Be not afraid to be people of MERCY: Year 9
- Embracing a life of forgiveness and compassion.
- Who entrust ourselves to the mercy of a loving and forgiving God.
- For God is calling us to become witnesses to mercy in today’s world.
- Who walk in faith and charity always trusting in Jesus’ mercy.
Be not afraid to be people of DIGNITY: Year 10
- To promote the good of the individual through service.
- Who sees a person’s rightful due to be loved in the image and likeness of God and not as an object for use.
- Who opens their arms to welcome all people without distinction or limits.
- That sees every person as sacred, including the unborn, sick and elderly, and deserves to be treated with dignity.
Be not afraid to be people of SERVICE: Year 11 & 12
- To follow Jesus’ example of sacrificial love of others.
- To live out Jesus’ commandment to “love one another as I have loved you”.
- Learning to think rigorously, to act rightly and to serve humanity better.
- For it is not how much we give but how much love we put into giving.
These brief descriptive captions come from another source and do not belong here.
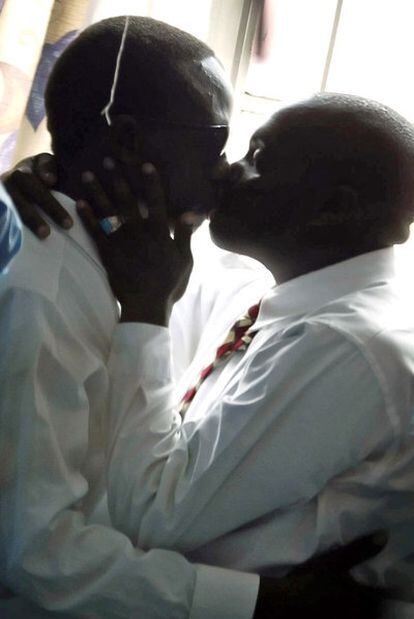Dos homosexuales se besan en un callejón de Nairobi.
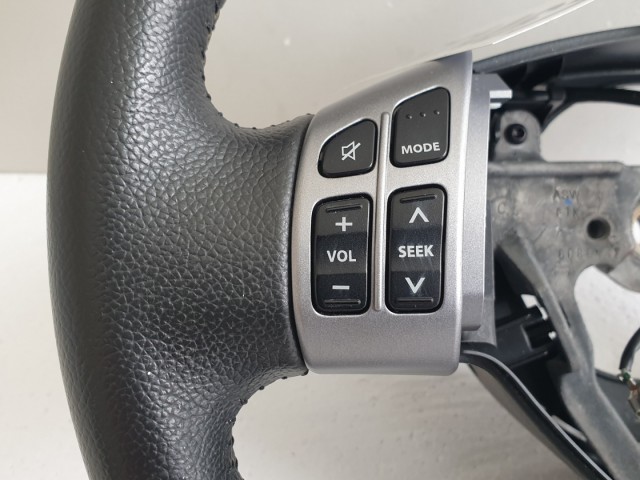 511467 Opel Agila 2010, Bőrkormány, Kormány, Multikormány.
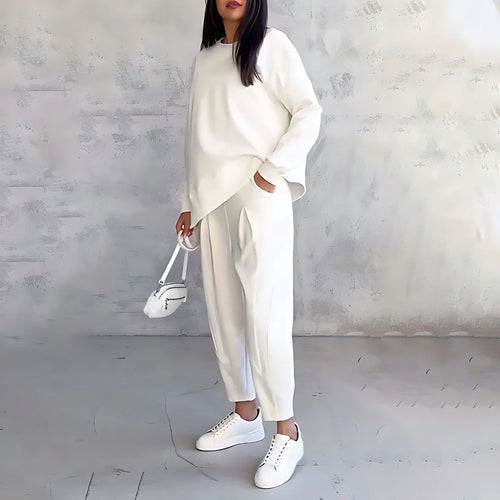Minimalist Rahat Takım  Günlük Şıklık ve Konfor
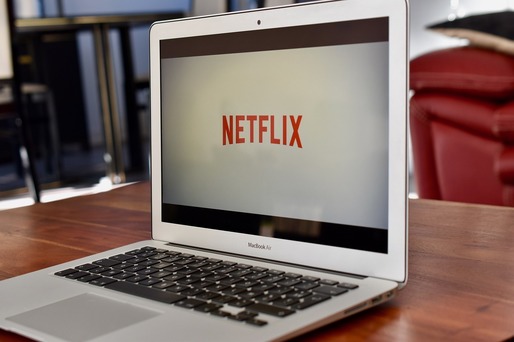 Împarți contul de Netflix cu prietenii? S-ar putea să fii taxat în plus din 2023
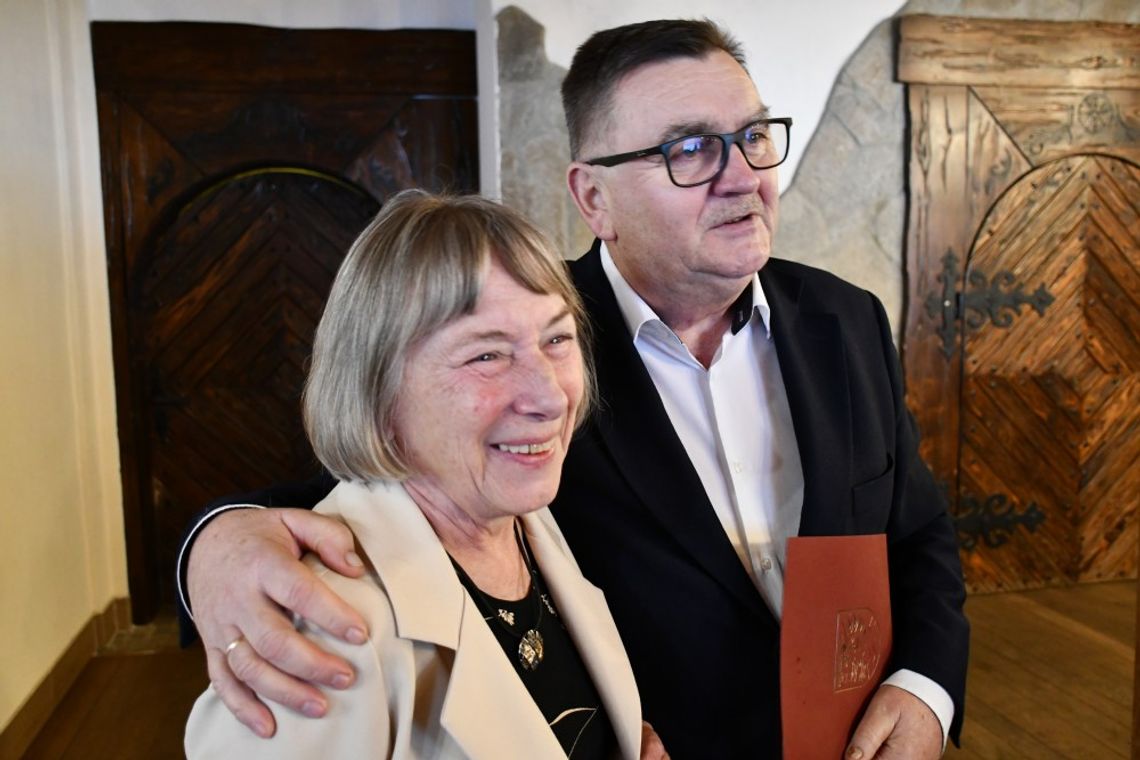 Pani Maria Kmiecik zakończyła pracę na stanowisku Kierownika Palcówki Wsparcia Dziennego w Zagórzanach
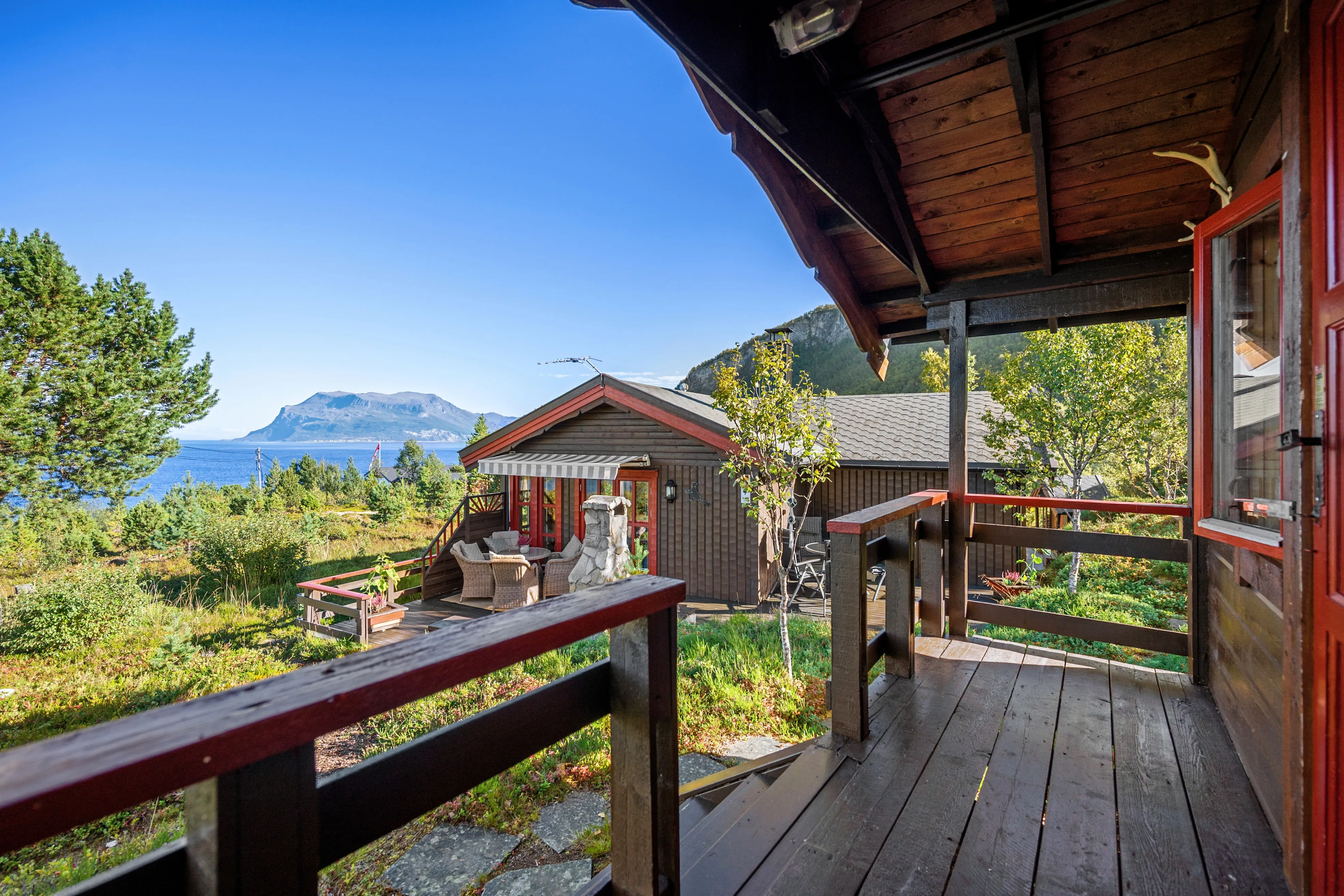 1980s Norwegian House with Terrace and Boat Access in Tovik - View image 35 of 51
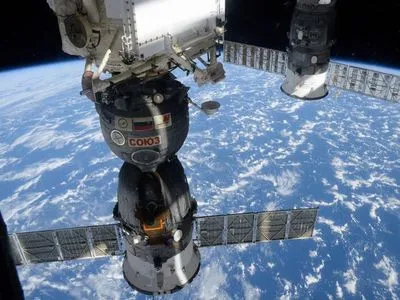"Союз МС-12" с космонавтами на борту пристыковался к МКС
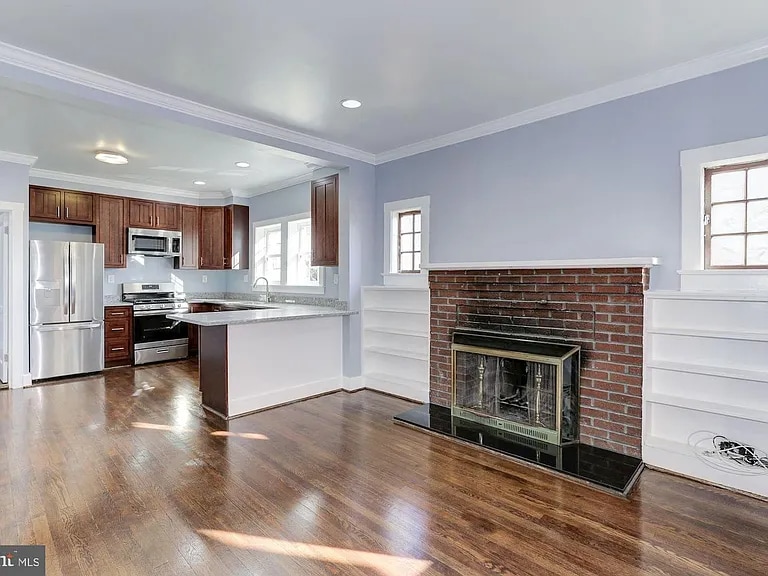 Building Photo - 811 Thayer Ave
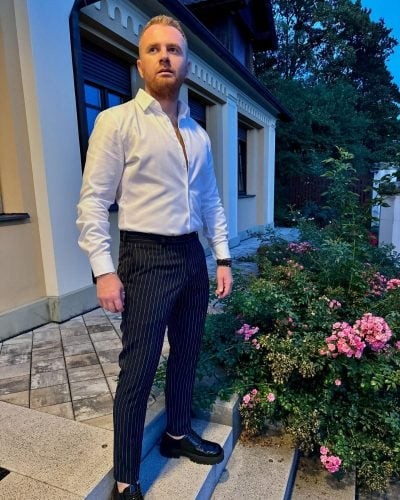 Məşhur müğənni klipə çəkildiyi bu şəxslə sevgilidir?- Özü AÇIQLAYIB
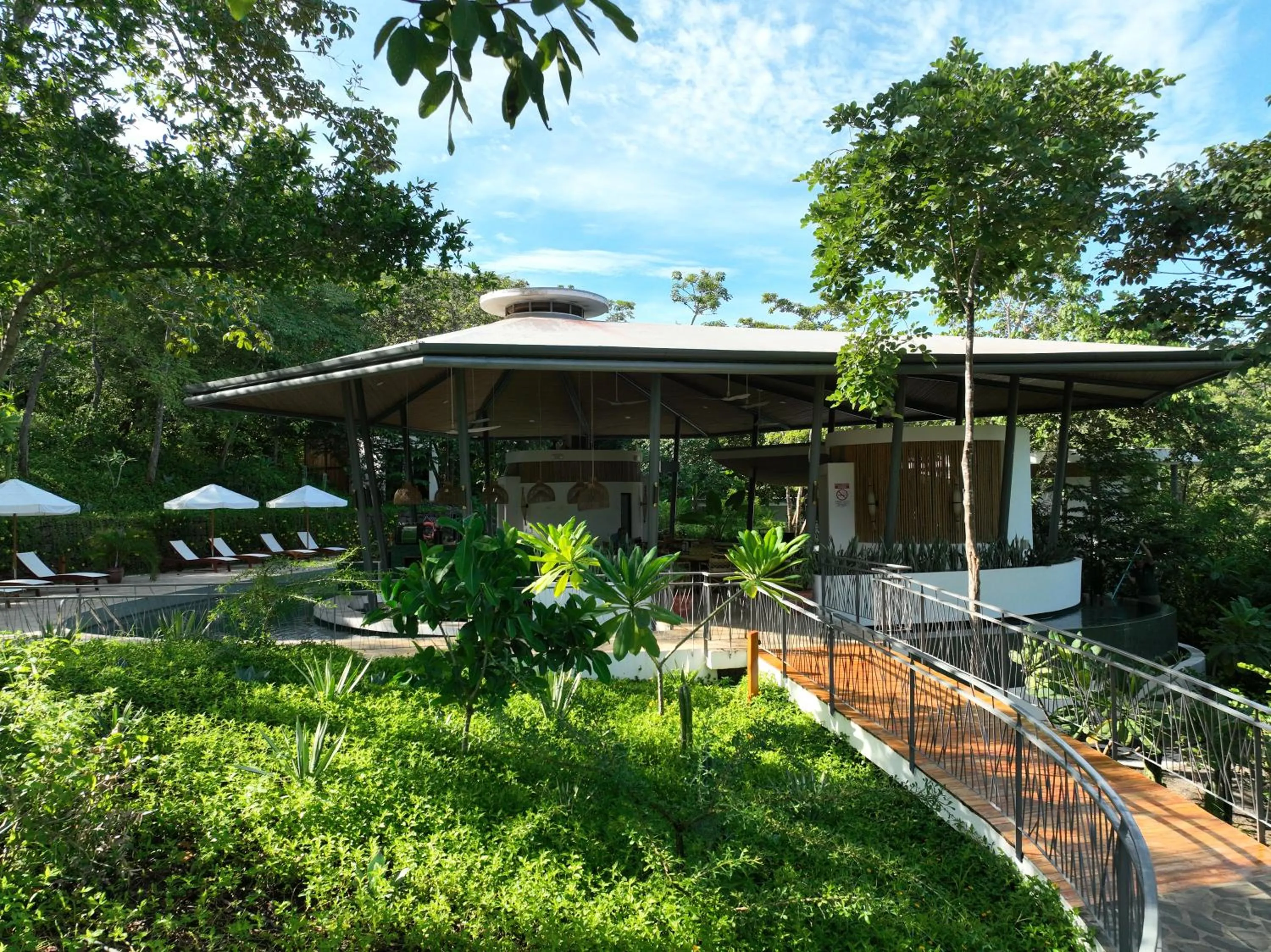 Restaurant/places to eat in Suitree Experience Hotel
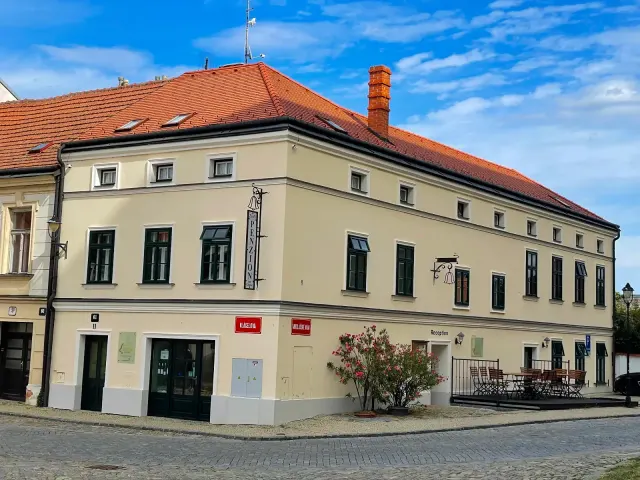 BookNoFees: रेजिडेंस ज़्वोन – Znojmo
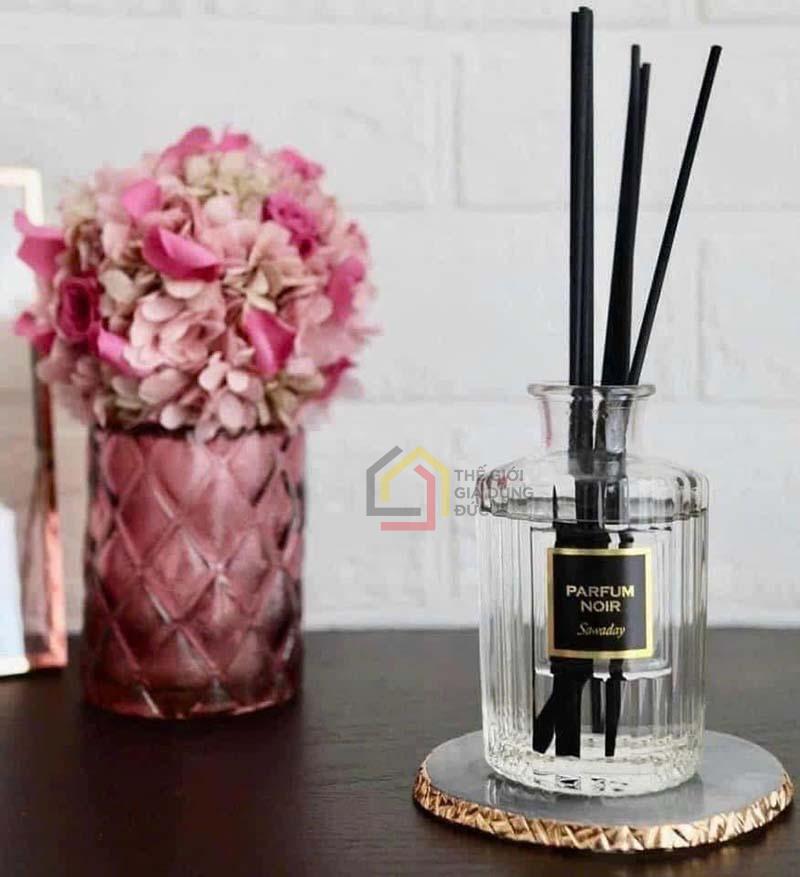 nuoc-hoa-khuech-tan-thom-phong-sawaday-stick-nhat-ban5 Nước hoa khuếch tán thơm phòng Sawaday Stick Nhật Bản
In 2015, the College was renamed St John Paul II Catholic College to honour the canonisation of Pope John Paul II in 2014. Today the College continues to carry on the history and traditions of Terra Sancta College while building a new future for St John Paul II Catholic College.
From the moment that a student sets foot in a Catholic school, he or she should have a sense of entering a new environment; one enlightened by the light of faith and having its own unique characteristics.
A Catholic school should first of all be a good school, a place where formation of the whole person occurs through a living encounter with a cultural inheritance. Thus, the school’s education program is intentionally directed towards the growth of the whole person. It is essential to the nature of a Catholic school that this formation process is profoundly centred on Jesus Christ and his Gospel.
A good school will be a community where values are communicated through the entire network of relationships and structures that form the basis of school life, and also through a vision or outlook on life shared by the community and its members. In a truly Catholic sense, the values of Jesus’ Gospel and the Catholic Tradition should permeate all areas of school life and curriculum, not just Religious Education. Thus the existence of a loving God, who has taken to Himself a human nature and so entered into human history, is not just assumed but is something explicitly stated.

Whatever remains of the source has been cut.